• The problem: After locating the line with "Travel Camping Utensils" in the records below, print it and every line after it exactly.
***** Provided information *****
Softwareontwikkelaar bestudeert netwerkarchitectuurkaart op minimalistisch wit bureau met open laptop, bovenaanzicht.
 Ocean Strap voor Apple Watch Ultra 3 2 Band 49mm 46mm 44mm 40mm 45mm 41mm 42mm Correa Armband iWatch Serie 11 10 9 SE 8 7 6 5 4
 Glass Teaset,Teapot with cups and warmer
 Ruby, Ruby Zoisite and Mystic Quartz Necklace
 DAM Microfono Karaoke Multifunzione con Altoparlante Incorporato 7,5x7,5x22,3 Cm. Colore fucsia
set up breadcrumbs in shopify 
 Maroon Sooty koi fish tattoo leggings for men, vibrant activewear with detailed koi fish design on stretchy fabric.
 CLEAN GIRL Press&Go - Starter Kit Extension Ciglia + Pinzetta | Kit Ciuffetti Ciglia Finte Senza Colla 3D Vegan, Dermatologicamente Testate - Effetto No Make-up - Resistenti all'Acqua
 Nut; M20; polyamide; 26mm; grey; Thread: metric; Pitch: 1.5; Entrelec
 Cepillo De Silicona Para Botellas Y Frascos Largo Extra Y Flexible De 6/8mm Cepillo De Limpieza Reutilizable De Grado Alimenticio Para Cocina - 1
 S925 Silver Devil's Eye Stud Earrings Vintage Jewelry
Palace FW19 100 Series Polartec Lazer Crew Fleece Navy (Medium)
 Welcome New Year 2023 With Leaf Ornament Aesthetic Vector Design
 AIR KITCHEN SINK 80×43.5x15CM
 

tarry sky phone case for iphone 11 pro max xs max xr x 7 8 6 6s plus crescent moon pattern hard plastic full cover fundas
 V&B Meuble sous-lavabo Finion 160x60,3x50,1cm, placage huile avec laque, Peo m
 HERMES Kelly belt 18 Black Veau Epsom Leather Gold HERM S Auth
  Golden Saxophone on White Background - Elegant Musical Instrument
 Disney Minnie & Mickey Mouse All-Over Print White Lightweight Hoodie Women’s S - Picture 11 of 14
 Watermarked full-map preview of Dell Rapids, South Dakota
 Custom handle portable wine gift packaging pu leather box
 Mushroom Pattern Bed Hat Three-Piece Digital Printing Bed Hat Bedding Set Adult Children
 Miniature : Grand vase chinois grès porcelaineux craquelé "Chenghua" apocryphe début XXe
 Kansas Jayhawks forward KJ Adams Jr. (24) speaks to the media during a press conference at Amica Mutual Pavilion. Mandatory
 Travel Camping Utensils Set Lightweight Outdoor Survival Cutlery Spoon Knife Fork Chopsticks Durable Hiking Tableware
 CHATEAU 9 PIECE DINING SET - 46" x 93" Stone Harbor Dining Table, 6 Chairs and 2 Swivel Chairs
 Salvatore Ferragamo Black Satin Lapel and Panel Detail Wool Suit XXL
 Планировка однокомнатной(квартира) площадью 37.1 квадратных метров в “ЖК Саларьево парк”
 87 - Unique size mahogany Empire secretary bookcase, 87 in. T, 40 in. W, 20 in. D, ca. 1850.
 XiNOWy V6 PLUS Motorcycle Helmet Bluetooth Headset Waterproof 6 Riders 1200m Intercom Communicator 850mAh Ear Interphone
*****
• Solution for this problem:
 Travel Camping Utensils Set Lightweight Outdoor Survival Cutlery Spoon Knife Fork Chopsticks Durable Hiking Tableware
 CHATEAU 9 PIECE DINING SET - 46" x 93" Stone Harbor Dining Table, 6 Chairs and 2 Swivel Chairs
 Salvatore Ferragamo Black Satin Lapel and Panel Detail Wool Suit XXL
 Планировка однокомнатной(квартира) площадью 37.1 квадратных метров в “ЖК Саларьево парк”
 87 - Unique size mahogany Empire secretary bookcase, 87 in. T, 40 in. W, 20 in. D, ca. 1850.
 XiNOWy V6 PLUS Motorcycle Helmet Bluetooth Headset Waterproof 6 Riders 1200m Intercom Communicator 850mAh Ear Interphone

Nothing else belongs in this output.